This subject has come up a couple of times recently.

One very useful exercise we did at college when I was doing my City & Guilds, 
and which I repeated some years later with the ladies I was teaching, was to 
make a sampler of various methods of stiffening. The one thing I did 
differently with my ladies was to get them to write the date on the top of the 
page!

We used machine lace, both cotton and synthetic, and cut it into short lengths 
to which various different stiffeners were applied - sugar water (two different 
strength solutions), commercial fabric stiffeners, blind sprays, spray starch, 
potato/rice water, hairspray, PVA glue (water based, neat and dilute) and 
whatever else we could lay hands on. One piece of each lace was left untouched 
as a "control" piece. Once stiffened, these samples were attached by an end to 
a sheet of paper on which was recorded the type of stiffener, brand name (if 
any), dilution (in the case of PVA and sugar water), and whether the lace was 
cotton or synthetic.
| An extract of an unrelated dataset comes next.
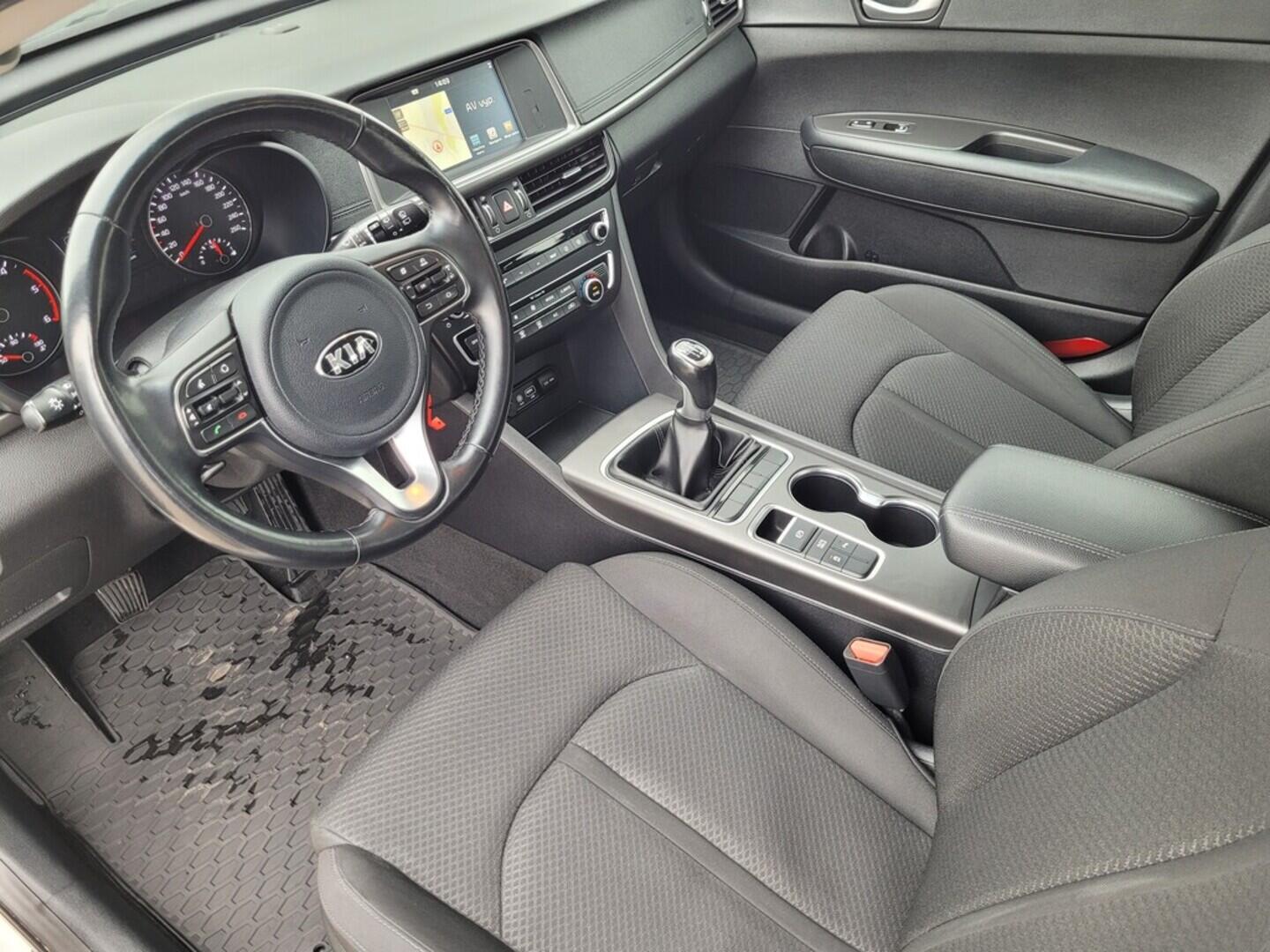 O619V07664_36.webp_OPTIMA Business Line 1.7  104 kW manuál, DPH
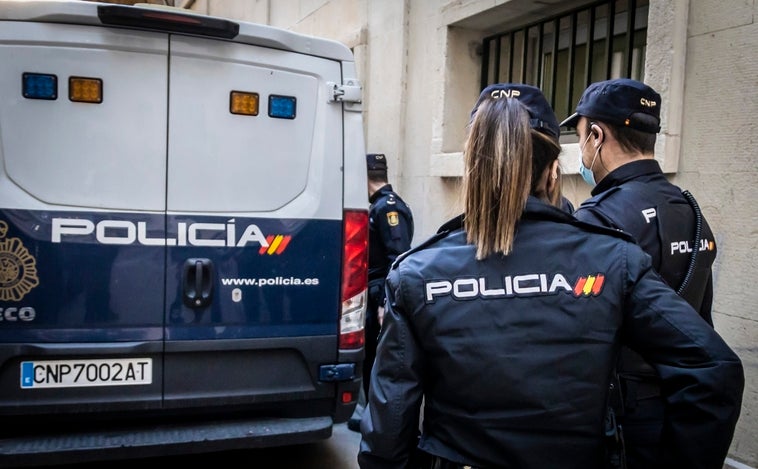 Detienen a tres jóvenes por abusar sexualmente de dos menores tuteladas en Valencia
For silk or linen, I would suggest using small sample 
pieces that you have no further use for, or possibly making a strip that you 
can cut down - though you are unlikely to want to stiffen silk (it rather 
defeats the object of it's soft draping quality!), linen would probably behave 
much the same as cotton (both being cellulose).
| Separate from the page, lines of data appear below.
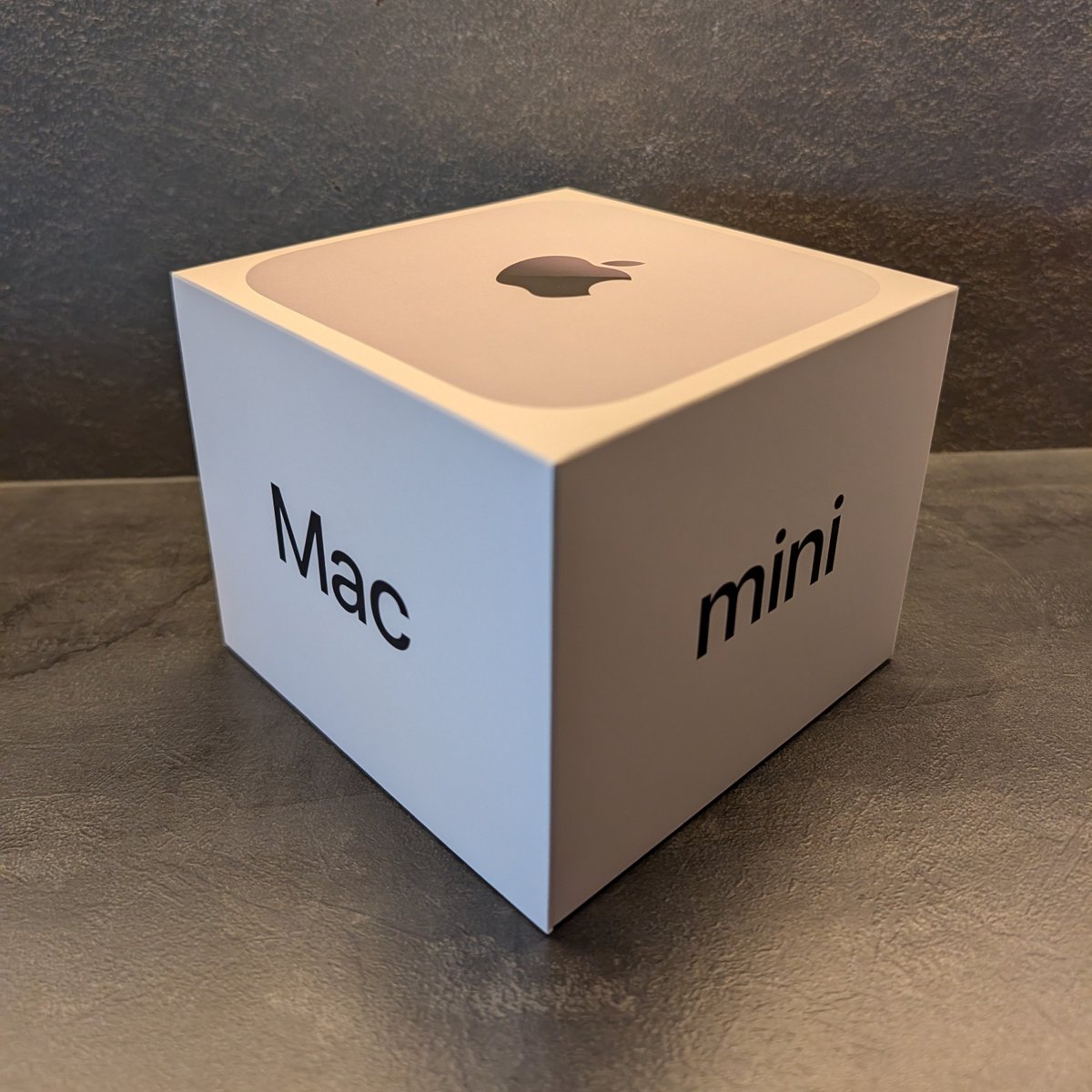 mahiro's tweet photo. Mac Mini (M6) に働いていただきましょう https://t.co/Le0B9mpztu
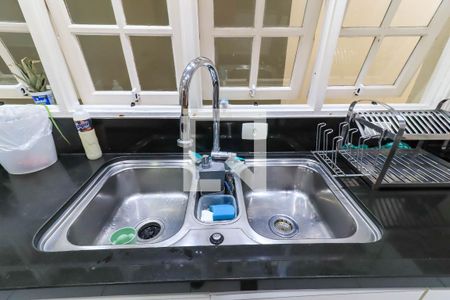 Casa de condomínio à venda com 581m², 4 quartos e 4 vagasCozinha - Torneira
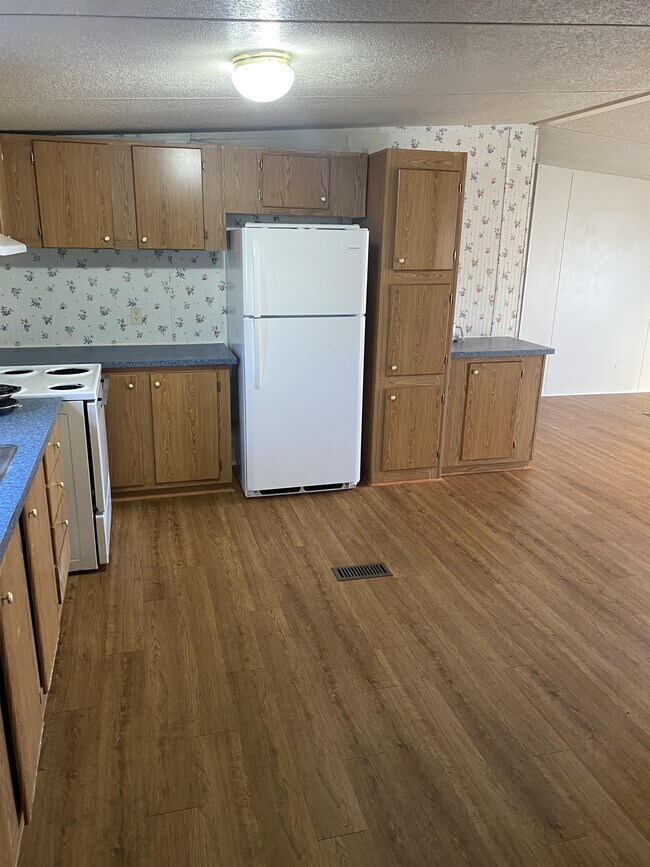 Building Photo - 3023 Cantabrian Dr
This sampler allows you to see what level of stiffness you will get if you use 
a specific method, and to see what effect (any discolouration, progressive lack 
of stiffness, etc) time and storage have. Of those I used on my original sample 
sheet, the Winfield (Woolworth's own brand - you can tell how long ago this 
was!) blind spray started blackening the synthetic lace about three or four 
years on.

If you are making anything that is to be counted as an heirloom, do not use any 
stiffener that cannot be removed easily, and consider whether or not you are 
creating a nice tasty snack for a passing moth grub. Work a small sample of 
lace in your chosen thread and stiffen it with your chosen stiffener - this 
will show whether or not you will be happy with the result, and save the 
problems of trial and error, possibly several times over, if you leave it until 
you have finished your lace - you don't want to spoil the end product, after 
all.

Several years ago, The Lace Guild had one of their Triennial Exhibitions - Myth 
or Mystery. With a week to go before the closing date, I finally had a Eureka 
moment, and came up with an idea for a rainbow choker - plaited lace using 
rainbow colours of embroidery thread. I had decided to use dilute PVA, and with 
not too much time on my hands didn't try a sample first - PVA solution filled 
the holes as it dried, despite using a paintbrush to apply. At that point, it 
very nearly ended up in the bin. I decided to see if the glue would wash out 
(it did!) and used the age old solution of sugar water instead. This gave the 
desired result, and held the plaits in place despite the choker being hung from 
one end in a museum display cabinet for the three months the exhibition was on. 
(I have since washed the sugar out for storage). Washing out and re-stiffening 
once I got away with; had I had to do that several times the structure of the 
lace would have been at risk. In the competition!
 , the choker won a Medal of Excellence!